Les droits linguistiques s’appliquent aux témoins, tranche la Cour suprême

La Cour suprême du Canada. Archives ONFR+

OTTAWA –le plus haut tribunal du pays estime que les témoins, les avocats et toutes les parties impliquées dans une cause doivent pouvoir choisir la langue de leur choix, quelle que soit la procédure, devant la Cour fédérale.

BENJAMIN VACHET
bvachet@tfo.org | @BVachet

Dans une décision unanime rendue ce vendredi matin, les neuf juges de la Cour suprême du Canada ont rejeté tout compromis en matière de droits linguistiques devant les Cours fédérales.

Invité à se prononcer sur la cause de Kassem Mazraani, le plus haut tribunal du pays estime que le juge de la Cour canadienne de l’impôt a violé les droits linguistiques des témoins et des parties.

M. Mazraani, un ancien employé d’Industrielle Alliance, en 2012, avait intenté un recours contre son employeur afin de faire valoir son admissibilité à l’assurance-emploi. Une demande contestée par Industrielle Alliance au motif que M. Mazraani était un travailleur autonome.

Après avoir été défait par la Commission de l’assurance-emploi du Canada, M. Mazraani avait décidé de porter la cause devant la Cour canadienne de l’impôt qui lui avait finalement donné raison.

Audience en anglais

Lors d’une audience informelle – une procédure prévue pour épargner du temps et de l’argent aux parties -, le juge avait demandé à l’avocat d’Industrielle Alliance et aux témoins de s’adresser à la cour en anglais. Et ce, même si ces derniers préféraient le faire en français, afin d’accélérer la procédure et d’éviter un report, M. Mazraani ne comprenant pas la langue de Molière. Malgré sa demande, ce dernier n’avait pas non plus bénéficié d’un interprète.

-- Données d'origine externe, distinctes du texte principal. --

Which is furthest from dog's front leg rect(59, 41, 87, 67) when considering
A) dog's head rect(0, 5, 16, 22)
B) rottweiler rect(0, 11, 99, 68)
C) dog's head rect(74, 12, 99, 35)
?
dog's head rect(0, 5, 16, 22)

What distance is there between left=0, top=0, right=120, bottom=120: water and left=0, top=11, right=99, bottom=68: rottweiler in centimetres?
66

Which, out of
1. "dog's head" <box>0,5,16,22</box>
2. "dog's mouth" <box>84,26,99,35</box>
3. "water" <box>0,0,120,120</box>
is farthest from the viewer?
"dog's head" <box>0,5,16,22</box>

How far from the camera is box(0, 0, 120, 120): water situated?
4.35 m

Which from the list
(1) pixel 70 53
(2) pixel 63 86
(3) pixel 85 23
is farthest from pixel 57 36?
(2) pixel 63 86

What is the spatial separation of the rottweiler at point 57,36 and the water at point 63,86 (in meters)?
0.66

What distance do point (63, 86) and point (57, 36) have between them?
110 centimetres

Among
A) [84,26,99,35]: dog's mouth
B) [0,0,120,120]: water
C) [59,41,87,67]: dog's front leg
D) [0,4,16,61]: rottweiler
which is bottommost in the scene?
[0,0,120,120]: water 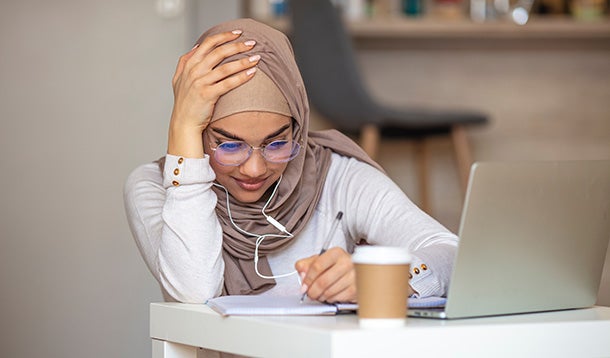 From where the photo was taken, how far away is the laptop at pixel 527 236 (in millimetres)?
985

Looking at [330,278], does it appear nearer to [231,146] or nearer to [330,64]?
[231,146]

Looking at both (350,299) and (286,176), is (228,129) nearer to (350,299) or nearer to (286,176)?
(286,176)

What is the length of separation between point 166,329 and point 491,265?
15.0 inches

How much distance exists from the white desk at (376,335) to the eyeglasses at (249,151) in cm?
32

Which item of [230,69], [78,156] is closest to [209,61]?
[230,69]

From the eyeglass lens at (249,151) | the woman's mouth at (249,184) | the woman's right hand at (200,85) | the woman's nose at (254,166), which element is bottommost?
the woman's mouth at (249,184)

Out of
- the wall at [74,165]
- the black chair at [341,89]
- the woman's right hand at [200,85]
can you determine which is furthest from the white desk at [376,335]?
the black chair at [341,89]

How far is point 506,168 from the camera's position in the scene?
38.6 inches

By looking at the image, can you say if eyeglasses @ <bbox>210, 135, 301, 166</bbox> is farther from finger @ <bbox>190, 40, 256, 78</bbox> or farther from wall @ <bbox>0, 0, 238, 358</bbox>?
wall @ <bbox>0, 0, 238, 358</bbox>

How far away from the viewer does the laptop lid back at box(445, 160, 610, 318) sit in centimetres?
99

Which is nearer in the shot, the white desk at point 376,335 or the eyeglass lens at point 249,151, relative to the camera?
the white desk at point 376,335

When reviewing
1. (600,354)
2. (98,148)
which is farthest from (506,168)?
(98,148)

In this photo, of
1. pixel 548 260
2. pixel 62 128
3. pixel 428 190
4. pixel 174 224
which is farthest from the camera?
pixel 428 190

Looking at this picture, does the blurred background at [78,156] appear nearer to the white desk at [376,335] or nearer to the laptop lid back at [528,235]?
the white desk at [376,335] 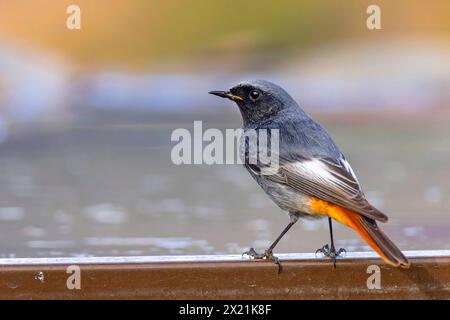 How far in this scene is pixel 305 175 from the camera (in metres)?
5.08

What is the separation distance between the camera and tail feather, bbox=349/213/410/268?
13.8 ft

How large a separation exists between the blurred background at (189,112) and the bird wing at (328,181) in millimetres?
670

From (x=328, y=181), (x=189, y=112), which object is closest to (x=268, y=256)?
(x=328, y=181)

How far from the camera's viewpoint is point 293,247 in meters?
6.13

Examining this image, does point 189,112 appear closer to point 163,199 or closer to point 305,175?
point 163,199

À la suite de sa défaite, Industrielle Alliance avait porté la cause en appel, jugeant que les droits linguistiques de son avocat et de ses témoins n’avaient pas été respectés, puisque ceux-ci voulaient s’exprimer en français.

Pas de compromis

Selon les juges, les droits linguistiques des témoins et de l’avocat ont été violés, tout comme ceux de M. Mazraani, même si la procédure simplifiée de la Cour canadienne de l’impôt ne comportait aucune règle concernant les droits linguistiques.

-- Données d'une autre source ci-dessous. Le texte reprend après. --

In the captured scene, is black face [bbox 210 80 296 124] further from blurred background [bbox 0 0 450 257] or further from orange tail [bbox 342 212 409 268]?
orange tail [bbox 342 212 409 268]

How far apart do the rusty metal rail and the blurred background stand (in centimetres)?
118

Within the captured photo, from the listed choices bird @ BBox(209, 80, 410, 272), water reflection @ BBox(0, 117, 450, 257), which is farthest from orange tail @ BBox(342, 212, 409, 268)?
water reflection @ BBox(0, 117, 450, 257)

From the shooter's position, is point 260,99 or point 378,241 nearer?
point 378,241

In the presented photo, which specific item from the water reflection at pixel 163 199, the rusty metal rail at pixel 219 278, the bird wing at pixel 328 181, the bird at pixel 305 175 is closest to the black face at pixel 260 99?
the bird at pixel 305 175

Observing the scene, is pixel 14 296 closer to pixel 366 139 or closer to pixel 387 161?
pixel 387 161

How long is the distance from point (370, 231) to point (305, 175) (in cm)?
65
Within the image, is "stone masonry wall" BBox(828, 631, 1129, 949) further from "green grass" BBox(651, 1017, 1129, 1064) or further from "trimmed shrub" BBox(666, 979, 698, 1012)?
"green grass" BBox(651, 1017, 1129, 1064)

« Le droit à l’accès à la justice dans la langue officielle de son choix devant n’importe quelle institution fédérale existe déjà, que ce soit dans la Constitution canadienne, la Charte canadienne des droits et libertés ou encore, la Loi sur les langues officielles. Aujourd’hui, la Cour suprême du Canada le confirme pour n’importe quelle procédure, qu’elle soit formelle ou informelle », commente François Larocque, avocat-conseil chez Juristes Power, qui est intervenu dans cette cause.

Pour M. Larocque, il s’agit d’une victoire majeure en matière de droits linguistiques.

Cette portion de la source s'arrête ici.